When the discussion turns from attempting to solve the OPs problem, to either a pissing contest or a witch hunt, participating further is of little purpose.

The reason you got results more to your liking is purely due to computing 0.000035 using repeated additions rather than using the constant 0.000035 directly.

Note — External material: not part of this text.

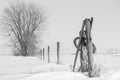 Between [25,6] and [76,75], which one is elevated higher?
[25,6]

So, what you are saying is, my "mistake" (or "cheat") was that I used numbers for (shock horror!) computation.

Obviously, the affect of the float point processors rounding mode will only have a significant affect if you actually perform some -- ta-da! -- floating point calculations.

I guess you could term sprintf "%.5f", '0.000035'; a calculation, but given that '0.00004'; is just easier and clearer, you have to wonder at the purpose.

Rounding (and the effects of rounding mode upon it) only becomes meaningful when outputting the results of a computation. And it isn't just addition, it is all operations.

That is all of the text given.